# EXERCISE PROMPT
Only the text belongs in the copy: repeat each record exactly, without pictures.

# RECORDS
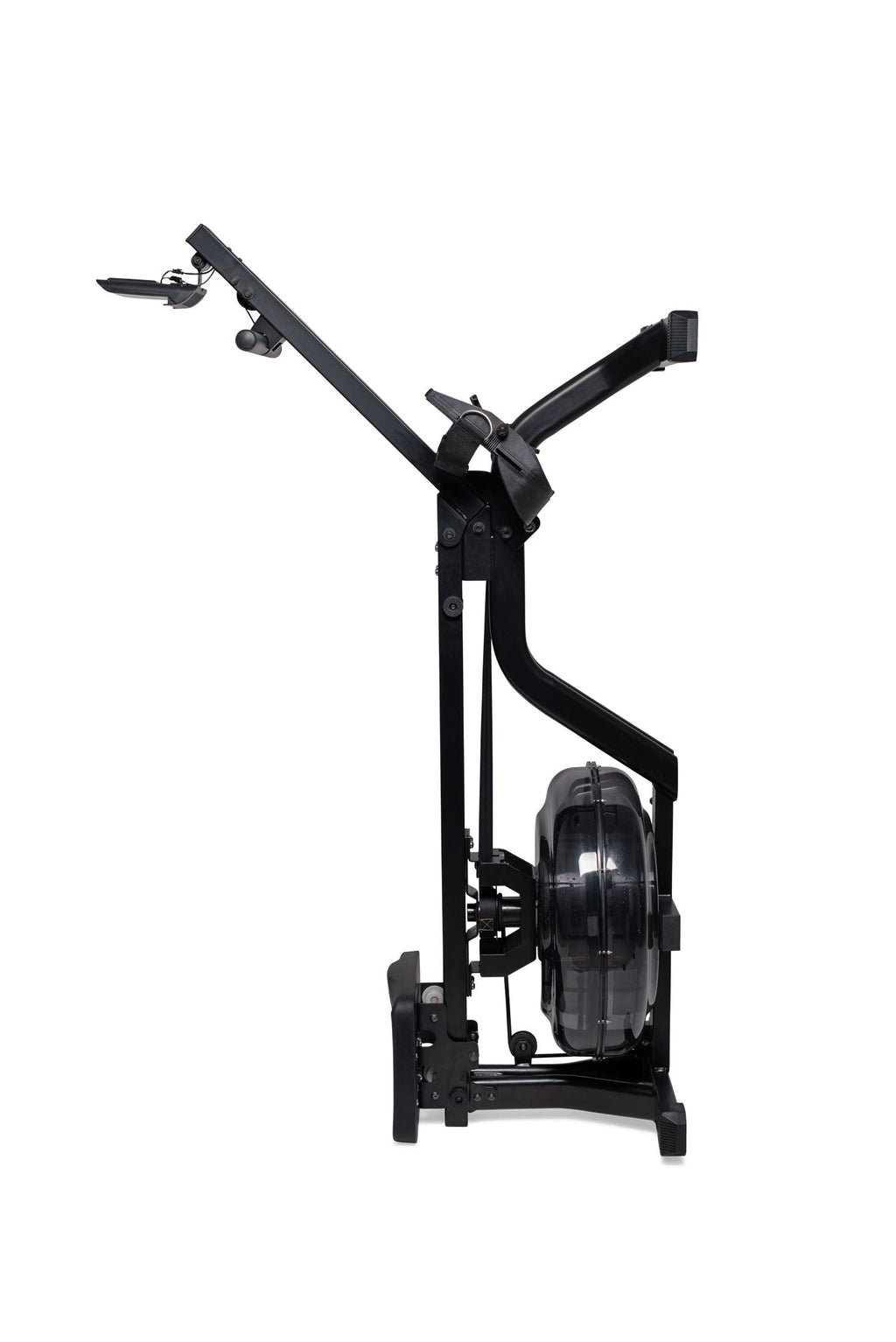 VirtuFit Water Resistance Compact Row 800 Roeitrainer - Showroommodel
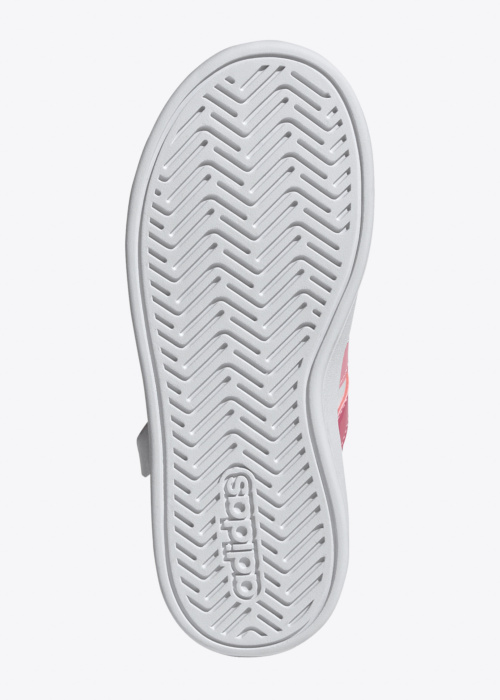 adidas laisvalaikio batai Grand Court 3.0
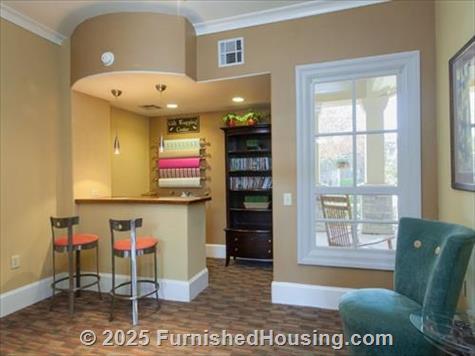 Villas at Stone Oak Ranch -  - 13021 Legendary Drive, Austin, TX  78727 - LG - 5380735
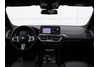 BMW X3 G01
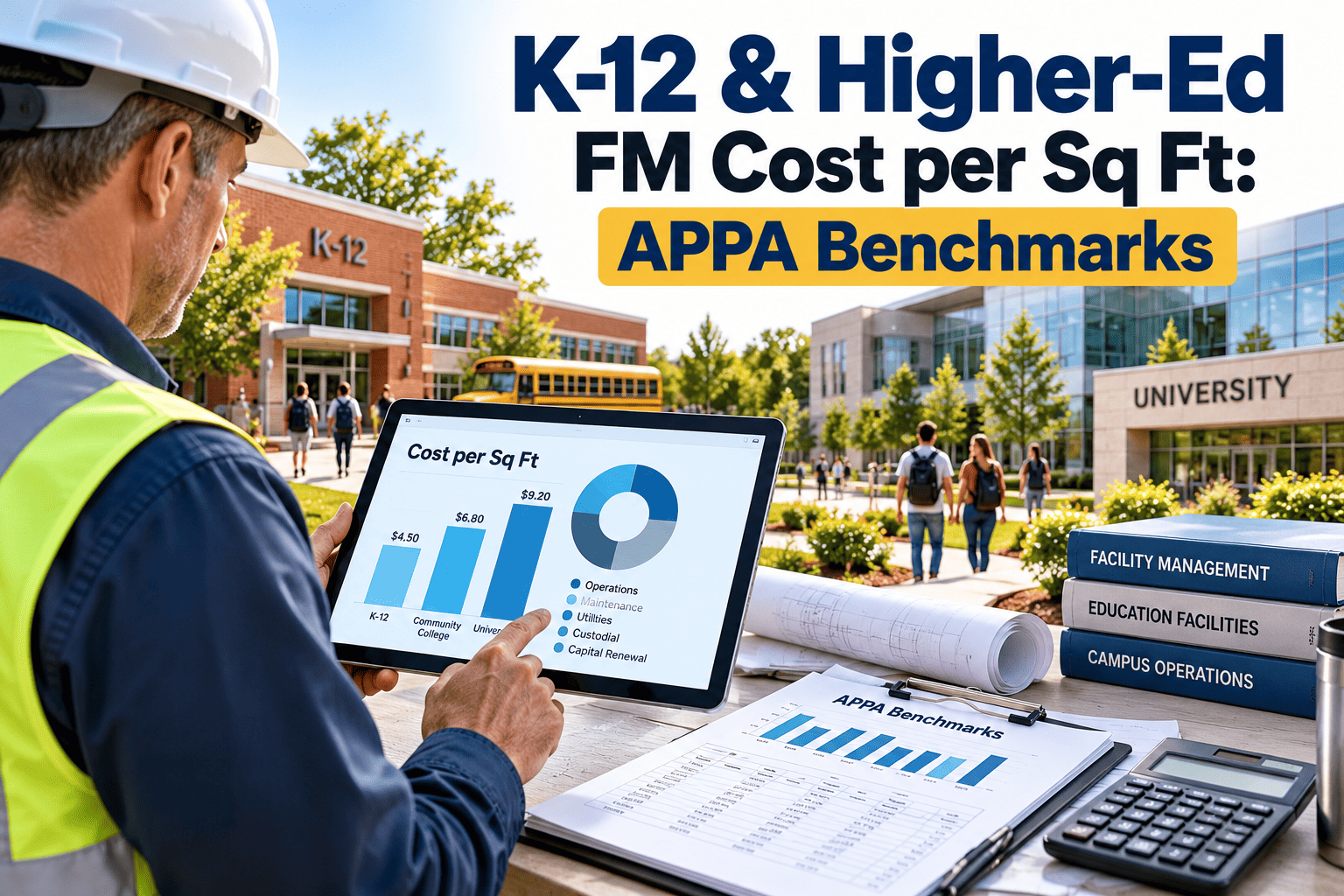 k12-higher-ed-fm-cost-sqft-appa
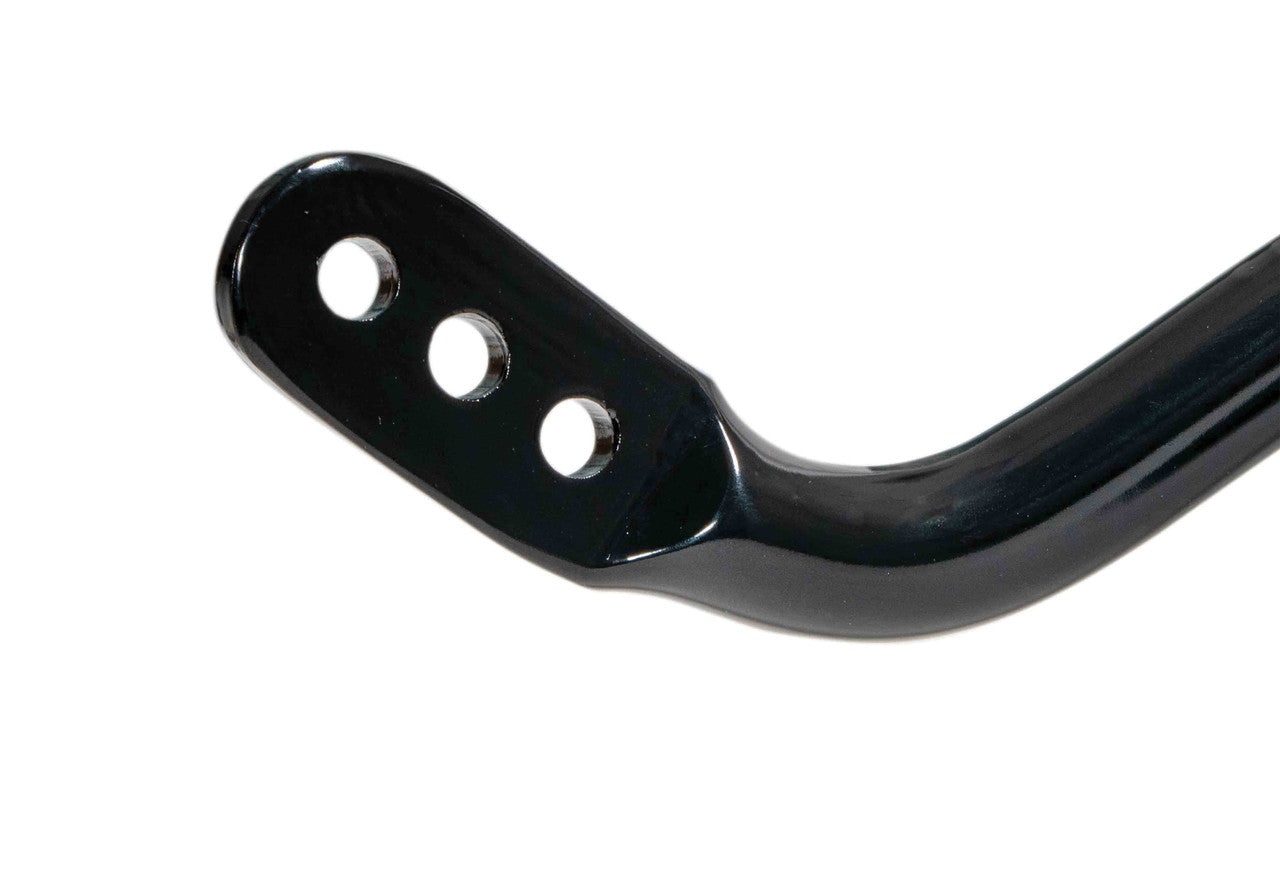Eibach Front Anti-Roll Kit (Front Sway Bar Only) E40-72-015-01-10 - Apollo Off-Road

# ANSWER SPACE
 VirtuFit Water Resistance Compact Row 800 Roeitrainer - Showroommodel
 adidas laisvalaikio batai Grand Court 3.0
 Villas at Stone Oak Ranch -  - 13021 Legendary Drive, Austin, TX  78727 - LG - 5380735
 BMW X3 G01
 k12-higher-ed-fm-cost-sqft-appa
Eibach Front Anti-Roll Kit (Front Sway Bar Only) E40-72-015-01-10 - Apollo Off-Road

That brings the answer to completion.